Question

1. A load of 300kN is applied on a short concrete column 250 mm x 250 mm. The column is reinforced by steel bars of total area 5600mm2. If the modulus of elasticity for steel is 15 times that of concrete, find the stress in concrete and steel.
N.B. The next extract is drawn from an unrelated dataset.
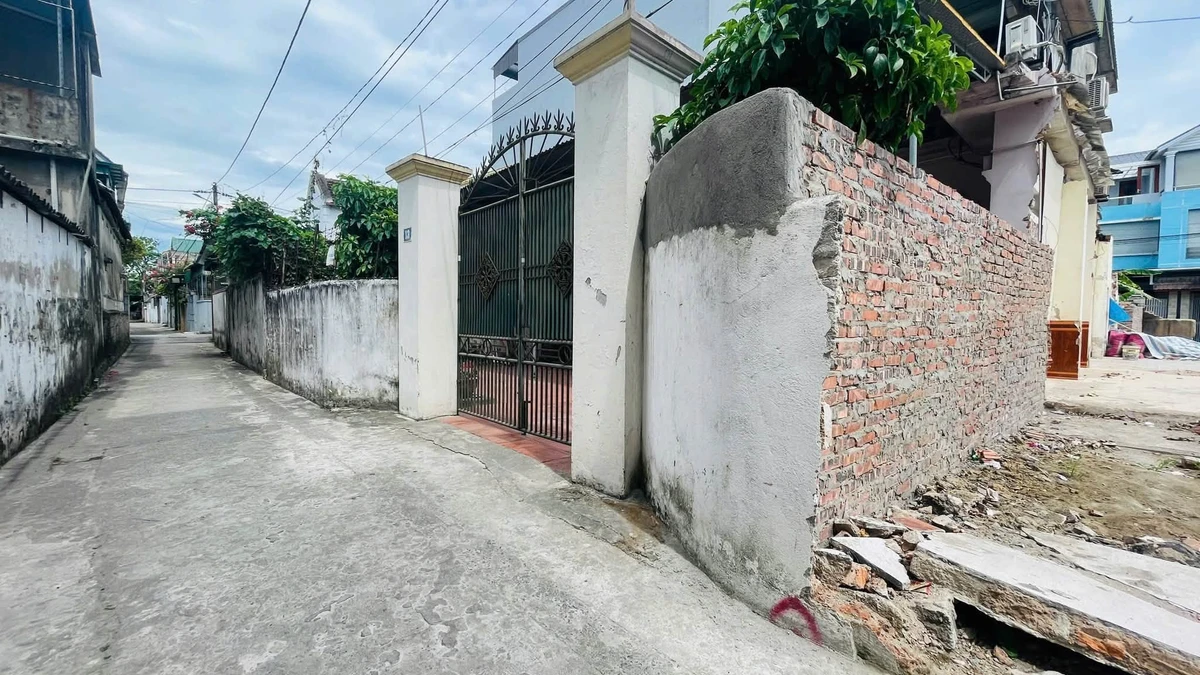 Bán lô đất 60m² mặt tiền Trường Chinh Quận 3 - Ảnh thu nhỏ 5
If the stress in concrete shall not exceed 4N/mm2, find the area of steel required so that the column may support a load of 600kN.​

Answer 1

Answer:

The stress in concrete $=2.74 \;\text{N}/\;\text{mm}^2$.

The stress in steel $=61.65 \;\text{N}/\;\text{mm}^2$.

The area of steel required $= 8291.9 \;\text{mm}^2$.

Explanation:

Given: Column size $=250\times250$, Modular ratio $m=\frac{Es}{Ec}=15$, Load $P=300Kn$, $Asc=5600mm^2$.

To Find: The stress in concrete and steel, and the area of steel required.​

Solution: Assuming compressive stress in concrete $=fc$

Therefore, the stress in steel under compression, $fsc=1.5\times m \times fc$

Now, $P=0.4fc \times Ac + 0.67fsc \times Asc$

$300 \times 1000=0.4 \times fc \times (250 \times 250) + 0.67 \times (1.5 \times m \times fc) \times 5600$

(Ac is the core area of concrete; here assume full area of section as clear cover and bar sizes not specified)

From this, $fc=2.74 N/mm^2$

Stress in concrete $=2.74 N/mm^2$

Stress in steel $=1.5 \times 15 \times 2.74$

                        $=61.65 N/mm^2$

Next,

$P=600KN$

Here, $fc=4 N/mm^2$ (given)

Therefore, $fsc=1.5 \times m \times fc$

                       $= 1.5 \times 15 \times 4$

                       $=90 N/mm^2$

Now, $P=0.4fc \times Ac + 0.67fsc \times Asc$

$600 \times 1000=0.4 \times 4 \times (250 \times 250) + 0.67 \times 90 \times Asc$

Therefore, $Asc=8291.9 mm^2$

Hence, The stress in concrete is $=2.74 \;\text{N}/\;\text{mm}^2$, the stress in steel is $=61.65 \;\text{N}/\;\text{mm}^2$ and the area of steel required is $= 8291.9 \;\text{mm}^2$.